That has not stopped the government from calling the 9/11 attacks anything but terrorism. The 9/11 memorial at the Pentagon has on display the Purple Heart, the medal awarded to all the soldiers who were killed or injured there that day.
But the Purple Heart has been denied the soldiers who were killed or wounded at Fort Hood. And, because they were classified as victims of simple calamity rather than of combat, they and their families have been denied the accompanying benefits. A number of them say they have not even been able to secure adequate care for their wounds.
And, perhaps in part because people assumed that the army would take care of the soldiers as it would any other fallen and wounded warriors, there was no huge outpouring of financial support for them as there would later be for, say, the victims of the Boston Marathon bombings.
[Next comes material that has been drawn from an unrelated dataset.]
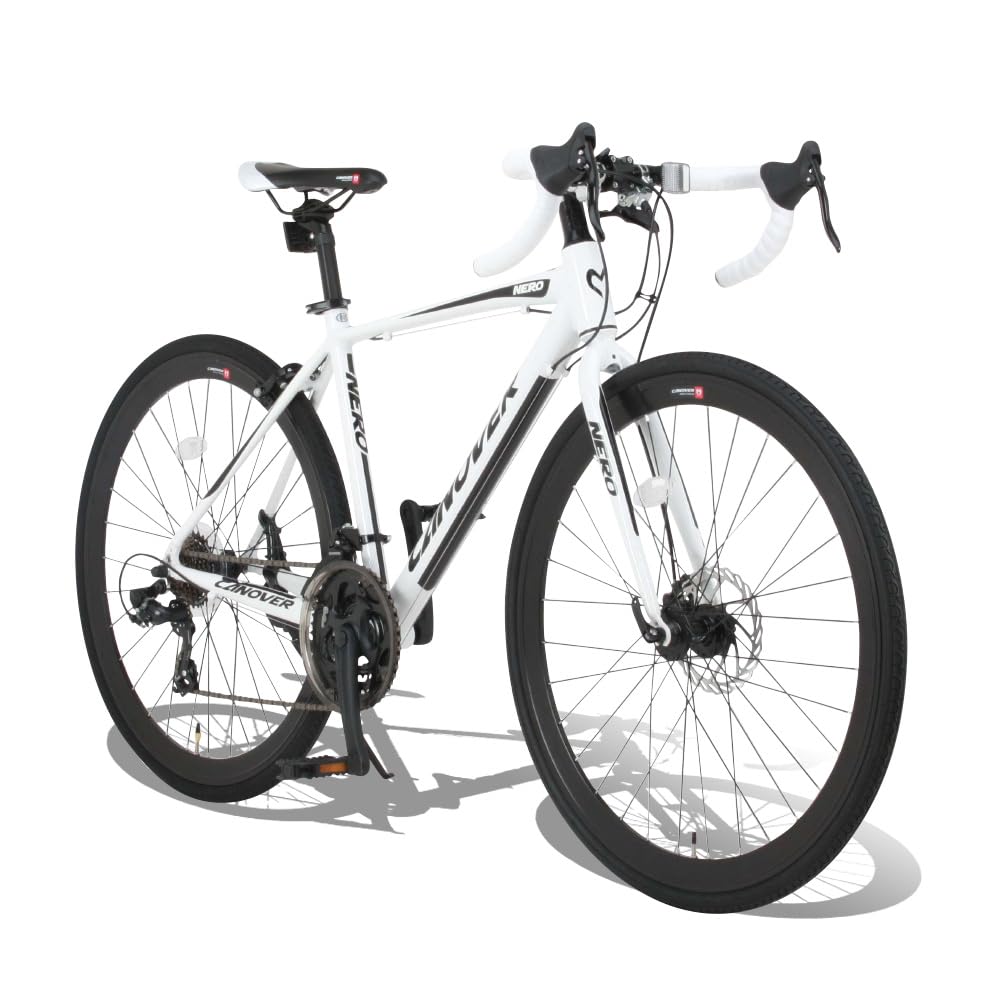 Canover CAR-014-DC NERO Gravel Road Bike, 21-Speed Shifter, Disc Brake, Aluminum Frame, Matte Black / White white Accessories not included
To her great and everlasting credit, nobody has been more vocal about all this than one of the two heroic police officers who took Hasan down and ended the carnage.
“Betrayed is a good word,” Police Sgt. Kimberly Munley has said of the way the soldiers have been treated.
Munley speaks up on behalf of the soldiers even though as a civilian she would be ineligible for the medal or the benefits, even though she was wounded in the attack.
And Munley has more than enough cause to complain about how she and her equally heroic comrade, Police Sgt. Mark Todd, have been treated themselves.
You likely recall all the accolades that Munley and Todd received after the attack.
Maybe you saw them on television seated beside the first lady at the State of the Union address, Munley still in pain from the bullet wound in her leg.
You may not know that both of them were subsequently laid off due to budget cuts.
You also may not know that Todd suffered a stroke this past Christmas, two days after returning from Afghanistan, having gone to work there for a civilian contractor when his heroism at Fort Hood failed to save him from being “excessed.”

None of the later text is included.